WHAT DOES Google want? Having successfully become our personal librarian, Google now wants to be our personal oracle. It wants to learn all about us, know us better than we know ourselves, to transform itself from a search engine into a psychoanalyst's couch or a priest's confessional.
Google's search engine is the best place to learn what Google wants. Type "Eric Schmidt London May 22" into Google, and you can read about a May interview the Google chief executive gave to journalists in London.
Here is how he described what he hoped the search engine would look like in five years: "The goal is to enable Google users to be able to ask the question such as 'What shall I do tomorrow?' And 'What job shall I take?' "
Schmidt's goal is not inconsiderable: By 2012, he wants Google to be able to tell all of us what we want. This technology, what Google co-founder Larry Page calls the "perfect search engine," might not only replace our shrinks but also all those marketing professionals whose livelihoods are based on predicting — or guessing — consumer desires.
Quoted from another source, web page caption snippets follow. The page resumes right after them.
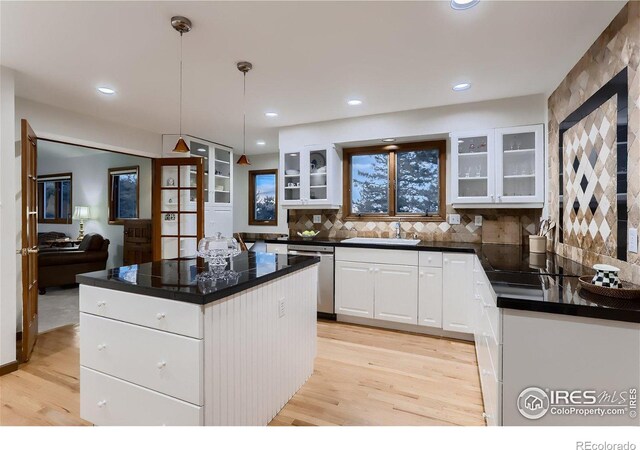 kitchen with a kitchen island, dishwasher, light hardwood / wood-style floors, white cabinetry, and hanging light fixtures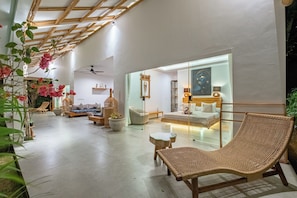 A modern interior with a high ceiling, a wicker lounge chair, a sofa, and a glass partition. - Bingin Villas: Luxury, Concierge &  Security (Badung)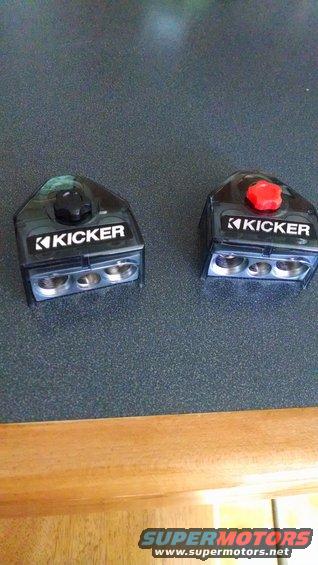 Two black Kicker power distribution blocks with visible terminals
Schmidt acknowledges that Google is still far from this goal. As he told the London journalists: "We cannot even answer the most basic questions because we don't know enough about you. That is the most important aspect of Google's expansion."
So where is Google expanding? How is it planning to know more about us? Many — if not most — users don't read the user agreement and thus aren't aware that Google already stores every query we type in.
The next stage is a personalized Web service called iGoogle. Schmidt, who perhaps not coincidentally sits on the board of Apple, regards its success as the key to knowing us better than we know ourselves.
iGoogle is growing into a tightly-knit suite of services — personalized homepage, search engine, blog, e-mail system, mini-program gadgets, Web-browsing history, etc. — that together will create the world's most intimate information database. On iGoogle, we all get to aggregate our lives, consciously or not, so artificially intelligent software can sort out our desires. It will piece together our recent blog posts, where we've been online, our e-commerce history and cultural interests. It will amass so much information about each of us that eventually it will be able to logically determine what we want to do tomorrow and what job we want.
The real question, of course, is whether what Google wants is what we want too. Do we really want Google digesting so much intimate data about us? Could iGoogle actually be a remix of "1984's" Room 101 — that Orwellian dystopia in which our most secret desires and most repressed fears are revealed?
Any comparison with 20th century, top-down totalitarianism is, perhaps, a little fanciful. After all, nobody can force us to use iGoogle. And — in contrast to Yahoo and Microsoft (which have no limits on how long they hang on to our personal data) — Google has committed to retaining data for only 18 months.
Still, if iGoogle turns out to be half as wise about each of us as Schmidt predicts, then this artificial intelligence will challenge traditional privacy rights as well as provide us with an excuse to deny responsibility for our own actions. What happens, for example, when the government demands access to our iGoogle records? And will we be able to sue iGoogle if it advises us to make an unwise career decision?
Schmidt, I suspect, would like us to imagine Google as a public service, thereby affirming the company's "do no evil" credo. But Google is not our friend. Schmidt's iGoogle vision of the future is not altruistic, and his company is not a nonprofit group dedicated to the realization of human self-understanding.
Worth more than $150 billion on the public market, Google is by far the dominant Internet advertising outlet — according to Nielsen ratings, it reaches about 70% of the global Internet audience. Just in the first quarter of 2007, Google's revenue from its online properties was up 76% from the previous year. Personal data are Google's most valuable currency, its crown jewels. The more Google knows our desires, the more targeted advertising it can serve up to us and the more revenue it can extract from these advertisers.
What does Google really want? Google wants to dominate. Its proposed $3.1-billion acquisition of DoubleClick threatens to make the company utterly dominant in the online advertising business. The $1.65-billion acquisition of YouTube last year made it by far the dominant player in the online video market. And, with a personalized service like iGoogle, the company is seeking to become the algorithmic monopolist of our online behavior.
So when Eric Schmidt says Google wants to know us better than we know ourselves, he is talking to his shareholders rather than us. As a Silicon Valley old-timer, trust me on this one. I know Google better than it knows itself.